A pesar de todo, parece que alguien ha cruzado recientemente la raya con una campaña publicitaria que ha creado tanta indignación como mofa. No era la primera vez que ocurría, pero sí aquella en que la confianza en el significante sin significado se había desbordado hasta lo monstruoso. Muchos jóvenes han rechazado de pleno este mensaje –o, mejor dicho, los tres minutos de cinta en que no hay siquiera rastro de un contenido-. La forma carente de fondo se había llevado demasiado lejos y un grupo de chavales con peinados forzados hablando de amores, veranos y bolsos no representaban a nadie.

En el relato se celebra una juventud que, probablemente, se intentó señalar como el momento en que las cosas se viven con más pureza. El giro no resultó: nadie acepta que la inocencia de la pubertad consista en vestir una determinada marca de ropa. La narración de unos jóvenes –más en el contexto actual- tendría sentido si nos hablaran desde una voz del oprimido o, por lo menos, desde la viveza y la desorientación propia de la adolescencia. Sin embargo, ellos divagan sobre lujos, pieles y pestañas al tiempo que se refieren al amor. ¿Y no es precisamente ese amor adolescente el que jamás debería entender de categorías como la clase social?
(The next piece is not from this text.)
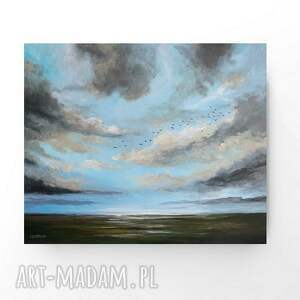 Błękitne popołudnie - obraz akrylowy na płótnie 50 x 60 cm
La ilusión y rebeldía de la juventud se encuentran aquí destrozadas hasta volverse irreconocibles; quizá ese fuera el único puente posible entre los valores de la marca y el público al que se pretendía llegar.

La fijación por los detalles aleatorios está a la orden del día; recordemos, por ejemplo, a Amelie. La manera en que allí se describía a la gente era través de anécdotas curiosas con las que tomar la parte por el todo. Sin embargo, esperábamos algo de aquella sensibilidad; teníamos la certeza de que respondía a algo. Y así era. Amelie se dedicaba a resolver los pequeños y grandes problemas de la gente. Estos chicos, sin embargo, han intentado vendernos un vacío sentido de la rebeldía enumerando pensamientos desprovistos de significado. Caracterizados con vestigios de algunas tribus urbanas, pretendían combinar la reivindicación de las pequeñas cosas –los besos, el gazpacho, los bolsos- con el placer del elitismo. ¡Tenemos derecho a narrar, aunque no tengamos absolutamente nada que decir! ¡Tenemos derecho a la estética por la estética y a lucir una ropa carísima al lado de un corte de pelo asociado a la marginalidad!
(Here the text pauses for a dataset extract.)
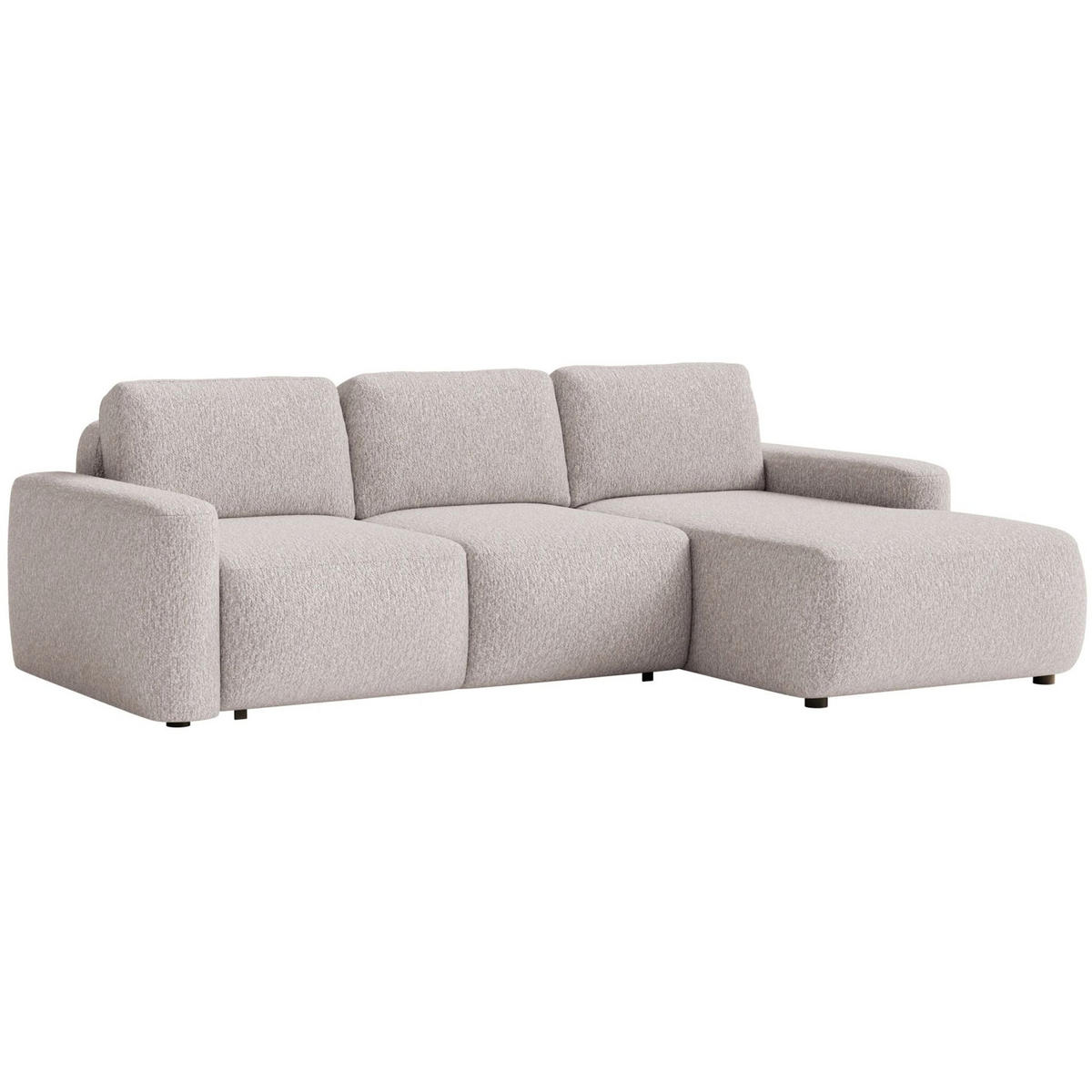 ECKSOFA Carnos Mini Beige Chenille - Beige/Schwarz, Kunststoff/Textil (164/238cm) - Selsey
En cualquier caso, esta desventura no ha aparecido espontáneamente en la cabeza de los creadores del anuncio; en medidas más inofensivas ya todos habíamos llegado a esto. De hecho, a lo largo de toda la historia del arte han existido tentativas de arte por el arte, y hoy nos encontramos de lleno en una de esas etapas. Es más, las mismas tribus urbanas –y su ideología probable- conviven en las ciudades, siguiendo uno de los pensamientos clave de Žižek, porque jamás supondrán un desafío real al orden de las cosas. Así es; las estéticas y estilos de vida desarraigados se admiten y se encuentran integrados en el sistema, siempre que no se acerquen a un límite determinado y, más importante, cuando el vínculo con aquello a lo que inicialmente aludían se encuentre roto. Algo así sucede también con los iconos de los regímenes socialistas del siglo XX, el rostro del Che Guevara o los carteles de las milicias republicanas. Podemos visitarlos siempre que los observemos con la distancia de un recuerdo –hay que ver, qué locos estaban aquellos muchachos- y su valor propagandístico se encuentre completamente desarticulado.

Quizá si a alguien le pareció que esta idea comercial podría funcionar es porque, en principio, le habíamos dejado el camino libre para ello. Ninguna estética hoy subvierte nada; podemos también remitirnos a los miembros de una celebrada pareja que, escandalosos en cada uno de sus gestos, se encuentran más que acomodados en la estructura social e incluso se recrean en formar parte de una selecta minoría. Así las cosas, resulta incluso sorprendente la indignación hacia la campaña de Loewe, que probablemente deviene en una cuestión de alevosía. No es solo que las formas se hayan olvidado de su fondo, sino que intentan representar el valor opuesto al original: asociadas a una élite. Por ello resulta incluso esperanzador el rechazo con que el gran público ha decidido que, esta vez, no pasa por el aro. Quién sabe si, como tantas otras veces, desistiremos por un tiempo del arte sin significado.